Borrowings bear interest at 1.0% below the prime rate. There were no borrowings
under this credit facility at June 30, 2000. The renewed credit facility expires
on June 29, 2001. The Company believes it could increase the amount of the
facility, if needed.

     During the second quarter of 2000, the Company issued a promissory note to
a bank for $10.0 million to finance its growth in operations. The note will be
paid in 36 monthly installments of $277,777.77 plus interest. The note bears
interest at 1% less than the prime rate.

                                       9
<PAGE>

     Net cash flow from operating activities decreased $5.8 million, or 13.8%,
to $36.5 million for the six months ended June 30, 2000, compared to a net cash
flow from operating activities of $42.3 million for the six months ended June
30, 1999.  The decrease was due principally to the increase in accounts
receivable related to increased revenue.

     Net cash flow used in investing activities was $19.2 million for the six
months ended June 30, 2000, compared to $25.6 million for the comparable period
of 1999. During the first six months of 2000, the Company invested $37.2 million
in contact center expansion to support the growth of the Company's business. The
Company also financed $2.8 million of equipment with capital leases. The
remaining $34.4 million of property and equipment purchases were financed
through cash flow from operations and the $10.0 million promissory note issued
to a bank referenced above.

     Net cash flow provided by financing activities was $8.9 million for the six
months ended June 30, 2000, compared to net cash flow used of $488,000 for the
comparable period of 1999. In the six months ended June 30, 2000, net cash flow
used in financing activities was primarily for payments of debt and capital
lease obligations. The cash used was offset by $7.2 million of proceeds from the
exercise of stock options to purchase Company Common Stock and the $10.0 million
proceeds from the promissory note issued to a bank.


Capital Expenditures

  The Company's operations continue to require significant capital expenditures
for capacity expansion and upgrades. Capital expenditures were $37.2 million for
the six months ended June 30, 2000 compared to $36.1 million for the six months
ended June 30, 1999. Capital expenditures for the six months ended June 30, 2000
consisted primarily of equipment purchases.

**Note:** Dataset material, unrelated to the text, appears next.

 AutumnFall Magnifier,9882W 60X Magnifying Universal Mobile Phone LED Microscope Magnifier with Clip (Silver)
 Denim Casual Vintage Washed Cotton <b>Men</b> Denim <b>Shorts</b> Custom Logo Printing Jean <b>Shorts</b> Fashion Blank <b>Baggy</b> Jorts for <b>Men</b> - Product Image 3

  The Company believes cash flow from operations, together with existing cash
and cash equivalents, financing through capital or operating leases, and
available borrowings under its credit facilities will be adequate to meet its
capital requirements for the foreseeable future. The Company may pledge
additional property or assets of the Company or its subsidiaries, which are not
already pledged as collateral securing existing credit facilities.  The Company
or any of its affiliates may be required to guarantee any existing or additional
credit facilities.


Inflation

  The Company does not believe that inflation has had a material effect on its
results of operations. However, there can be no assurance that the Company's
business will not be affected by inflation in the future.

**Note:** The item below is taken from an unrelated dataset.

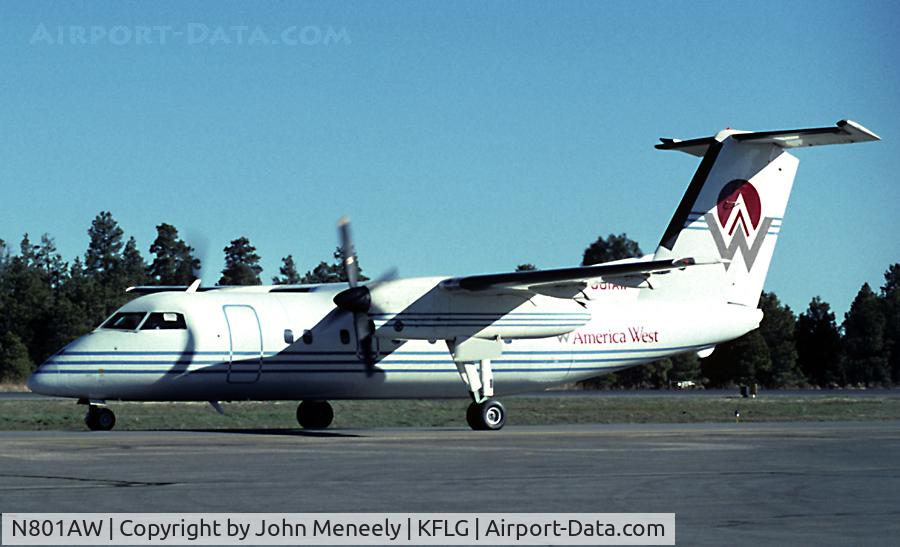 N801AW, 1987 De Havilland Canada DHC-8-102 Dash 8 C/N 067, Taxiing - photo taken in April, 1989.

                                       10
<PAGE>

Item 3.   Quantitative and Qualitative Disclosures About Market Risk

     Certain statements under this caption constitute forward-looking statements
which involve risks and uncertainties. The Company's actual results in the
future could differ significantly from the results discussed or implied in such
forward-looking statements.  Factors that could cause or contribute to such
differences include, but are not limited to, the effect on financial performance
of increased competition in the teleservices industry, potential future
competition, competitive pricing for services, potential future competing
technologies and trends, the challenge of managing the Company's growth
effectively, dependence on technology and phone service, dependence on the
Company's labor force, reliance on major clients, the success of new product
innovations, legal proceedings and government regulation.

     The Company does not use derivative financial and commodity instruments.
The Company's other financial instruments include cash and cash equivalents,
accounts and notes receivable, accounts and notes payable and long-term
obligations. The Company's cash and cash equivalents, accounts and notes
receivable and accounts and notes payable balances are generally short-term in
nature and do not expose the Company to material market risk. At June 30, 2000,
the Company had $30.7 million of long-term obligations and $26.0 million
available under its credit facilities. (See Item 2. Management's Discussion and
Analysis of Financial Condition and Results of Operations - Liquidity and
Capital Resources.) Management does not believe that changes in future interest
rates on these fixed rate long-term obligations would have a material effect on
the Company's results of operations given the Company's currently existing
obligations under such long-term obligations and credit facilities.

                                       11
<PAGE>

PART II.  OTHER INFORMATION

Item 1.   Legal Proceedings

     From time to time, the Company is subject to lawsuits and claims which
arise out of its operations in the normal course of its business. The Company
and certain of its subsidiaries are defendants in various litigation matters in
the ordinary course of business, some of which involve claims for damages that
are substantial in amount. The Company believes, except for the items below, in
its Form 10-K for the year ended December 31, 1999, and its quarterly report on
Form 10-Q for the first quarter of 2000, for which the Company is currently
unable to predict the outcome, the disposition of claims currently pending will
not have a material adverse effect on the Company's financial position or
results of operations.

     Richard Carney, et al. v. West TeleServices, Inc., et al. was filed on
October 31, 1997 in the 131st Judicial District Court of Bexar County, Texas. On
July 7, 2000 defendants filed a brief for an interlocutory appeal of the
certification order. Plaintiffs sued under theories of breach of contract,
quantum meriut, common law fraud, common law debt, conversion and civil theft. A
partial summary judgment was granted to the defendants on March 8, 2000 on
breach of express contract and civil theft and on all claims against the
individual defendants. On May 12, 2000 the court certified a class of plaintiffs
and other similarly situated hourly employees of the Company and several of its
subsidiaries that allege they had not been paid for all compensable work
performed during their employment. No claims remain in the lawsuit that allow
for an award of punitive damages under Texas law.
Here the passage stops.